As of the recent signature-gathering deadline, none of the 11 initiatives in Let’s Go Washington’s project to fix what’s broken in this state had collected enough signatures to proceed.
Why did our project fall short? Here are my key takeaways:
1) Although the initiative process was set up to be a tool for grassroots action, it has—in recent years—been dominated by deep-pocketed special interests, increasingly expensive consultants, and paid signature gatherers. In 2022, initiative efforts from all points on the political spectrum failed because consultants were demanding $4 million to $8 million (per initiative!) to collect the necessary signatures. Let’s Go Washington (www.letsgowa.com) was founded on the idea that building a grassroots volunteer network and weening the process from an overreliance on consultants is a worthwhile pursuit. However, this takes time—more than we first thought. I’m proud of the incredible effort made by those who volunteered in this first wave. We will continue to build on that.
2) We live in a digital world, but in Washington initiative petitions only count if they are in hard copy. We also live in a privacy-focused world. Asking hundreds of thousands of people to hand over their signature and address on a piece of paper to a stranger is difficult. With nearly all of our political discourse happening online via social media, there’s a mismatch with how we collect signatures. We’re still qualifying initiatives like we did when we were renting VHS tapes from Blockbuster. Add to this the frustration many people feel because WA courts have overturned popular initiatives like the $30 car-tab limit, and we get a system that needs major reform in order to restore people’s faith.
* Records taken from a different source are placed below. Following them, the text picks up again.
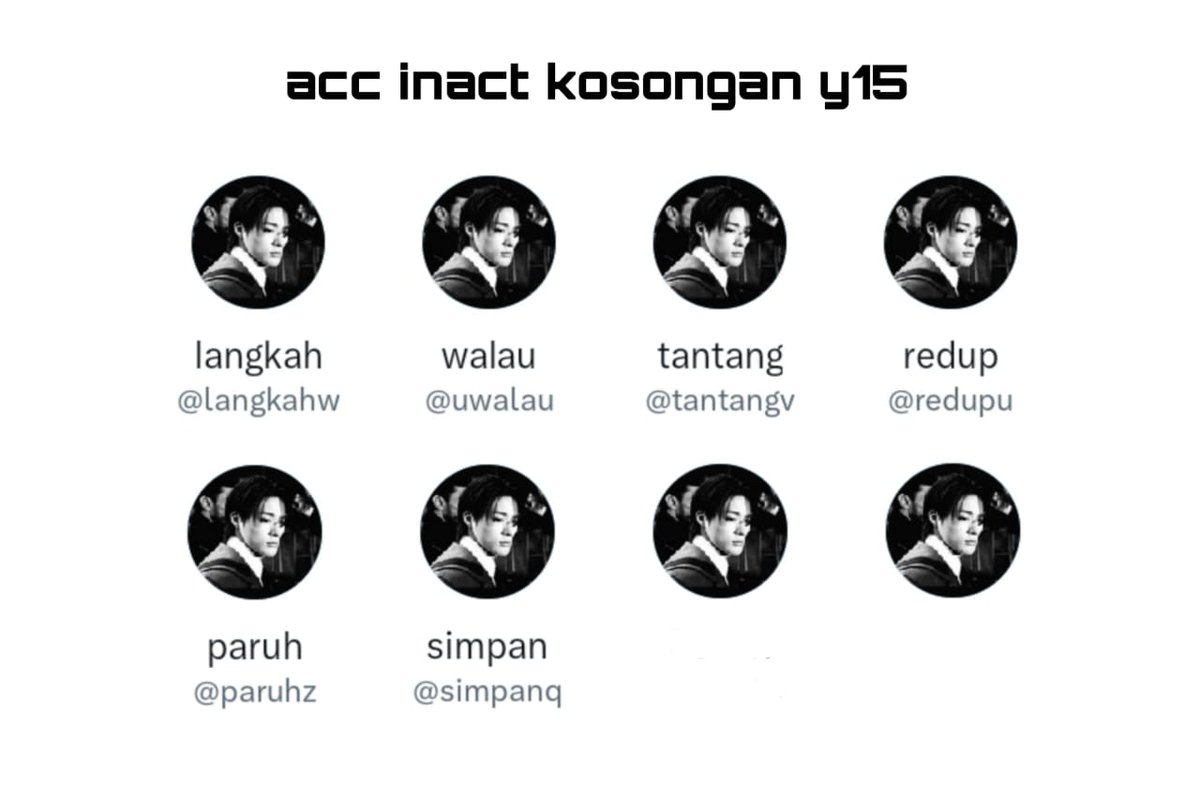 WTS ACC INACT KOSONGAN Y15

-usn mulchar 
-verif all (nomor luar no mastip)
-GO GREEN ALL
-masuk ht mt
-avail space+circle tergantung dev.
-dpt data acc lengkap

price 8k/acc
#zonauangᅠ #zonaba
During our signature gathering effort, we experimented with ways to reach people online and encourage them to go out and physically sign the initiatives. We obviously still have a lot of work to do here.
3) The Olympia establishment, regardless of party, is happy to see the initiative process struggle. Washington’s initiative system was designed as a “safety valve” for when the legislature passes laws opposed by the majority of voters. Lately, the legislature has shown itself willing to ignore the people—repeatedly. Preventing police from pursuing criminals, decriminalizing hard drugs (like heroin and fentanyl), and passing a never-ending stream of new state taxes are all unpopular. And even unconstitutional. Let’s Go Washington proposed common-sense fixes to 11 of these bad policies. It’s not surprising that the Olympia majorities dismissed our efforts. Those bad policies are their fault. It was somewhat surprising, however, that even on the minority side, we found less than enthusiastic support and even dismissal. Stronger coalitions with a broader group of citizens and support from leaders seems like a critical element to future success.
So what needs to be done? I’m still chewing on how to improve our efforts next time. We began the process of developing a grassroots infrastructure that can make a real difference. It will continue to grow and develop. The initiative process remains a crucial element of democracy and government, even though the political establishment dismisses it and the consultant class squeezes it for profit.
Properly organized initiatives can ensure that the laws we live under are aligned with the people’s will. Whatever the next steps involve, I am committed to making that good reform happen.